What is being asked:
Beginning with the line below that contains "Vienetta Secret Winter Damen Pyjama-Set" and ending with the line that contains "Start a Cult Vinyl Sticker", retype every line exactly. Pictures are not copied.

** Opening Task input block **

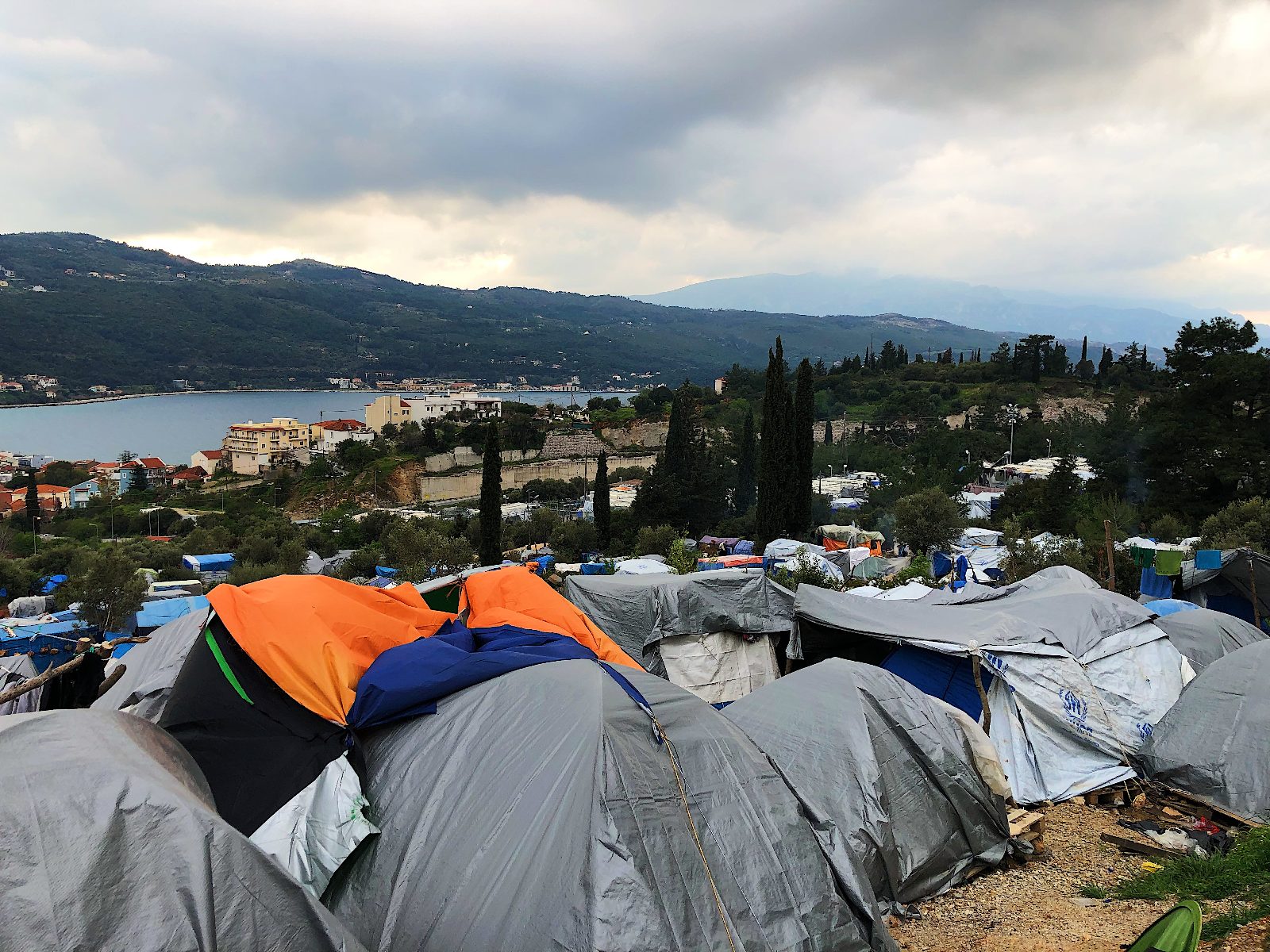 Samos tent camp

** Closing Task input block **
** Opening Task input block **

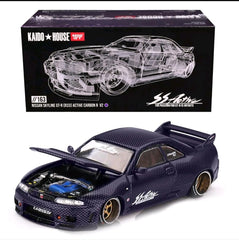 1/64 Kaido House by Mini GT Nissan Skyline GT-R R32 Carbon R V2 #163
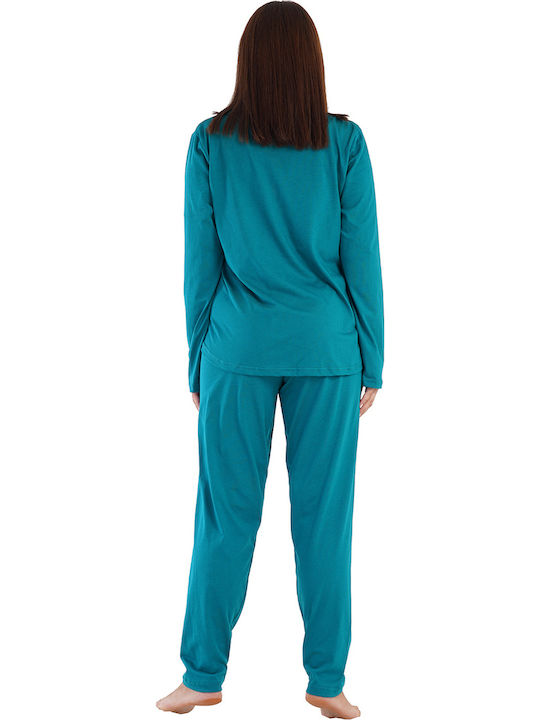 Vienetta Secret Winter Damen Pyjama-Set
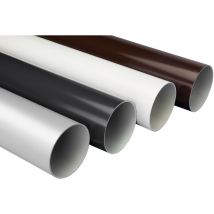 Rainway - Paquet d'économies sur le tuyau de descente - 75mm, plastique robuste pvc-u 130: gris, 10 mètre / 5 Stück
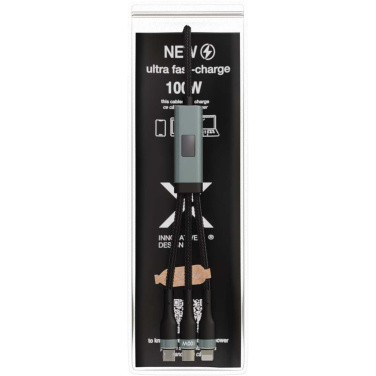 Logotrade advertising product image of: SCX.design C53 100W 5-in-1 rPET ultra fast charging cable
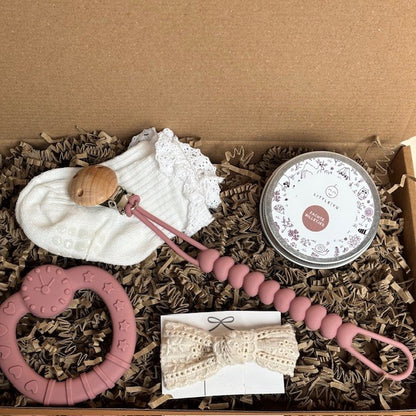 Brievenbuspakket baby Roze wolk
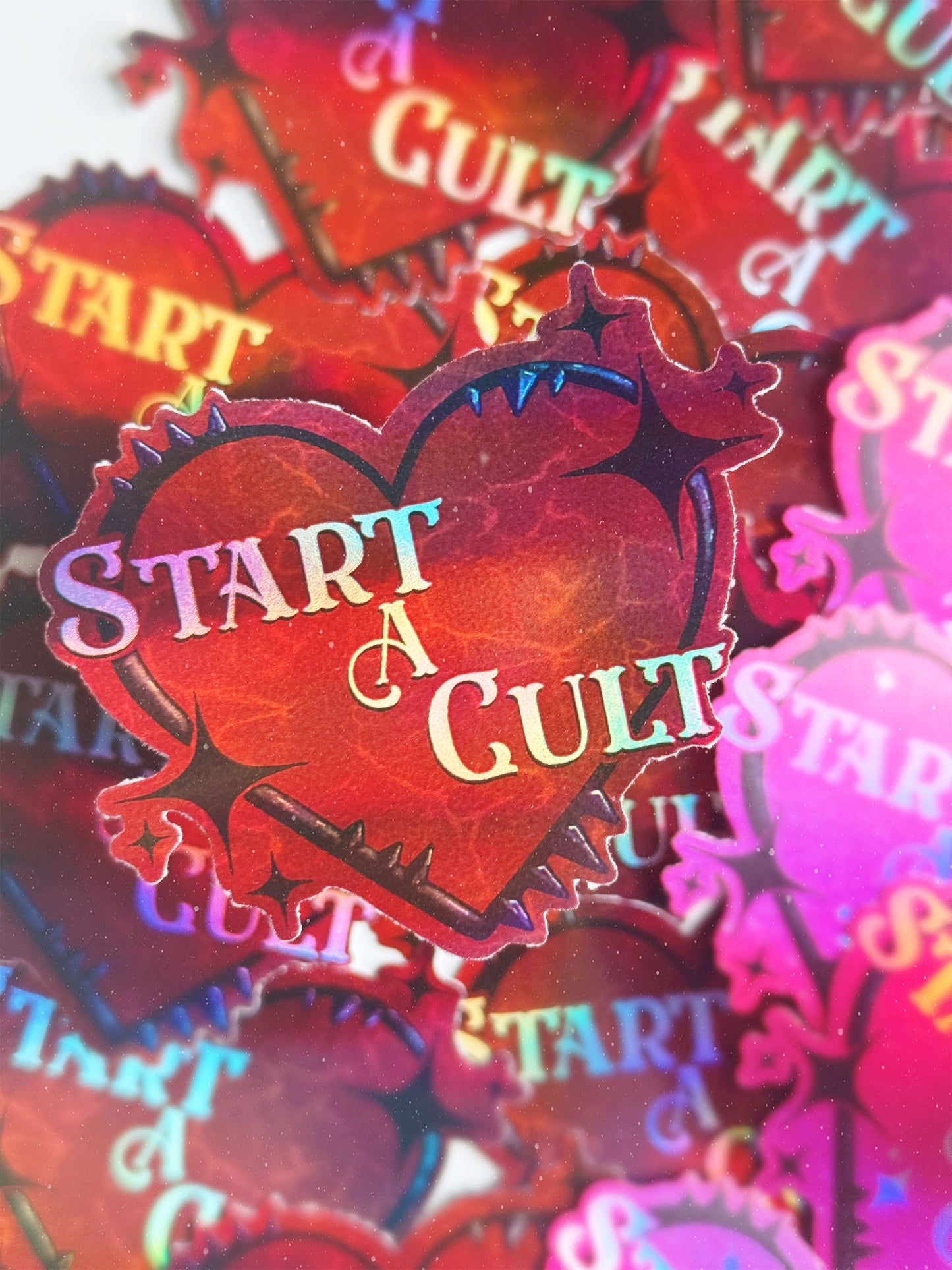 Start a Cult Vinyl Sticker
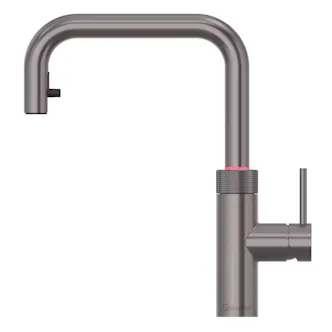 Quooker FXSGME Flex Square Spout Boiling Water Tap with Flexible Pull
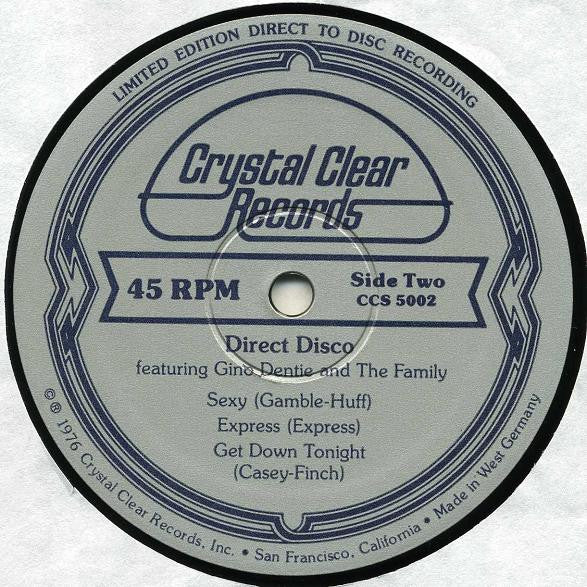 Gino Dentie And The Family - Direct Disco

** Closing Task input block **

Response to the task:
 Vienetta Secret Winter Damen Pyjama-Set
 Rainway - Paquet d'économies sur le tuyau de descente - 75mm, plastique robuste pvc-u 130: gris, 10 mètre / 5 Stück
 Logotrade advertising product image of: SCX.design C53 100W 5-in-1 rPET ultra fast charging cable
 Brievenbuspakket baby Roze wolk
 Start a Cult Vinyl Sticker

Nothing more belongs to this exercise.